When David Petraeus and Ryan Crocker, respectively the top U.S. commander and diplomat in Iraq, testified before Congress last September, they effectively defused what at the time were rising Democratic calls for an immediate withdrawal from Iraq. The men spent days on the Hill, responding deftly to loaded questions from hostile members of Congress about the progress of the “surge” and whether last year’s increase in troop levels was giving way to political reconciliation in Baghdad—the stated of goal of putting more U.S. troops on Iraqi streets. The witnesses did their best to put a positive spin on things, rightly pointing out that, for the moment, violence in Iraq had plunged to levels not seen since shortly after the 2003 invasion. Together, they urged patience in the hope that the decline in killings might soon translate into political progress.
Petraeus is set to testify again next month, and if his recent comments to the Washington Post are any indication, this time he may bring a different message. “No one feels that there has been sufficient progress by any means in the area of national reconciliation,” the general told reporters during an interview in Baghdad’s protected International Zone.
From the Post:
The Shiite-led government of Prime Minister Nouri al-Maliki has won passage of some legislation that aids the cause of reconciliation, drawing praise from President Bush and his supporters. But the Iraqi government also has deferred action on some of its most important legislative goals, including laws governing the exploitation of Iraq’s oil resources, that the Bush administration had identified as necessary benchmarks of progress toward reconciliation.
Many Iraqi parliament members and other officials acknowledge that the country’s political system is often paralyzed by sectarian divisions, but they also say that American expectations are driven by considerations in Washington and do not reflect the complexity of Iraq’s problems.
In what appeared to be a foreshadowing of his congressional testimony, which his aides said he would not discuss explicitly, Petraeus insisted that Iraqi leaders still have an opportunity to act. “We’re going to fight like the dickens” to maintain the gains in security and “where we can to try and build on it,” he said.

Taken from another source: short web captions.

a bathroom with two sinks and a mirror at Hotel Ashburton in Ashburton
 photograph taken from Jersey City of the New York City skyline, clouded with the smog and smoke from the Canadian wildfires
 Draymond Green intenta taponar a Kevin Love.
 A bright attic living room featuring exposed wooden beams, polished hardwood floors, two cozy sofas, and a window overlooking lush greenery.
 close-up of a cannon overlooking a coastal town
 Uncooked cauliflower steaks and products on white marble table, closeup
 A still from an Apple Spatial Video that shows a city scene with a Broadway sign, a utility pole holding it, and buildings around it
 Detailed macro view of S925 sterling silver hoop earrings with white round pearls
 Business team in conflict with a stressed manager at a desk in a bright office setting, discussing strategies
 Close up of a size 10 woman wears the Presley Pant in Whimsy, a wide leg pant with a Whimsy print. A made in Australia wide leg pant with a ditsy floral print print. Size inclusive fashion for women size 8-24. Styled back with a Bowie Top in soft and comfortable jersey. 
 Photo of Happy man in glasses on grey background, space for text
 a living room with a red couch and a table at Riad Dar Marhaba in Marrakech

Moreover, the general expressed some healthy skepticism as to whether the security gains produced by the “surge” will have lasting impact:
In the interview, Petraeus conceded that some elements of both the Awakening movement and the Mahdi Army may be standing down in order to prepare for the day when the U.S. presence is diminished. “Some of them may be keeping their powder dry,” Petraeus said of Mahdi Army members. “Obviously you would expect some of that to happen.
“The issue is, again,” he continued, “how to sort of prolong what has been achieved, in just a host of different neighborhoods, villages, towns and cities, so that the Iraqi structures can continue to gather strength.”